左の瞳は空を映したような青、しかし右眼は濃紫色だった。
まるで高価な宝石を嵌め込んだようなそれに目を奪われる。白の睫毛が双眸に影を落とし、虹彩の色をより深みのあるものに見せていた。それでも光を集約したような鮮やかさを持ち、うつくしくカットや装飾を施された石さながらだ。綺麗に光を反射する。
こんな紫の瞳など今まで見たことがない。それこそ有翼種そのものの形質だった。白い髪も。しかし有翼種など遠い昔語りの中の種族。本当に存在していたかどうかさえ判らない。もし実在したとしても、今の時代に生き残っているはずがないだろう。現に、少年の背にはその最たる証の翼など見られないではないか。
「誰」
半ば眠りの意識のままで、少年が薄く口を開いた。細い声がそのように問う。慌てて不躾(ぶしつけ)な視線を逸(そ)らして、ケイは少し後ろに退(さ)がった。

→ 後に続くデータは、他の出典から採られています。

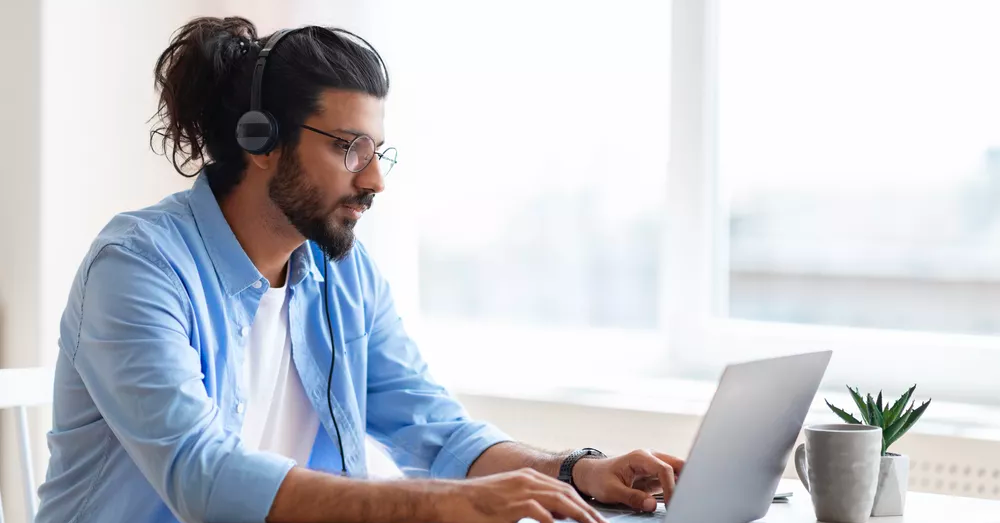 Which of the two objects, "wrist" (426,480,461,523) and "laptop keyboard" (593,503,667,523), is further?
"laptop keyboard" (593,503,667,523)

少年は気に留める様子もなくゆっくりと上体を起こして、髪に絡んだ薄い赤色の花弁を指先で振り払った。一連の動作を終えてから、ようやく改めて気付いたようにケイの方に目を向ける。そして僅かに首を傾げる仕種で、不思議そうに彼を見た。
「こんなところで何を」
先程ケイが発した言葉そのままに返される。苦笑いになって、彼は肩を竦(すく)めた。
「それは俺がさっき訊いたんだ」
「そうか」
考え込むように少年は口許に手を当てて、
「眠っていただけだ」
ひどく端的に答えた。自分の本意としてはその理由を聞きたかったのだが、どうも通じていない。

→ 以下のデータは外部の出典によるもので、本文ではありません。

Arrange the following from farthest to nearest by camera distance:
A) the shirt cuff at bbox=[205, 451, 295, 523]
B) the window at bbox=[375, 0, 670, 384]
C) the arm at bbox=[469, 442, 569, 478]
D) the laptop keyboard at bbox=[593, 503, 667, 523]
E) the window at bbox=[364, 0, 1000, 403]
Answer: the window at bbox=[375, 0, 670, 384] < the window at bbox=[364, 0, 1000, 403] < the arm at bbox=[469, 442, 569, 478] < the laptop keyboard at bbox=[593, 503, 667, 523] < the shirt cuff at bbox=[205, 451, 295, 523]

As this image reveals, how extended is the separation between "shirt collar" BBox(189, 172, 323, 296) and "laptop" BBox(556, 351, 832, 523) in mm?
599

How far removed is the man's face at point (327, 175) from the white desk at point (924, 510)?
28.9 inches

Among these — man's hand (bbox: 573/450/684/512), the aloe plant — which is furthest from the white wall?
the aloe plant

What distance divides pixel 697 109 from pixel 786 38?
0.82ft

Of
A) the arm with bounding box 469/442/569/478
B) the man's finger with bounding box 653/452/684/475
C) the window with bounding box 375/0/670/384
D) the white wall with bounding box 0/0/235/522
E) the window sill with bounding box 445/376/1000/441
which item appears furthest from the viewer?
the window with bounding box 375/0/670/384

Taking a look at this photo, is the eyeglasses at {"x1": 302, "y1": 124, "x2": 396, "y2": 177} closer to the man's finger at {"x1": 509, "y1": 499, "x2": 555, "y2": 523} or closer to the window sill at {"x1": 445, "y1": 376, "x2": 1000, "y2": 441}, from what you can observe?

そんなことには構わず、少年は欠伸(あくび)しながら腕を天に突き出して伸びをすると、肩口の白い髪を揺らして立ち上がった。服についた葉や土を手で払い落とし、段差を軽く飛び降りる。長い上衣の裾がふわりと翻った。白夜の光の中で、そんな仕種のひとつひとつが幻想的に映る。
しかし。
ふわふわと羽根のような髪が風にそよいだかと思うと、少年は突然に踵(きびす)を返した。ケイがその急な動きに戸惑っている内に、叢を軽やかに走り抜けて彼は距離を離していく。まるで逃げるように。
「ちょ……っ、ちょっと待って!」
呼び止める声にも白い髪の少年は振り返らない。立ち尽くすケイを置き去りに彼は礼拝堂の陰に姿を消した。
それはほんのひとときの邂逅(かいこう)だった。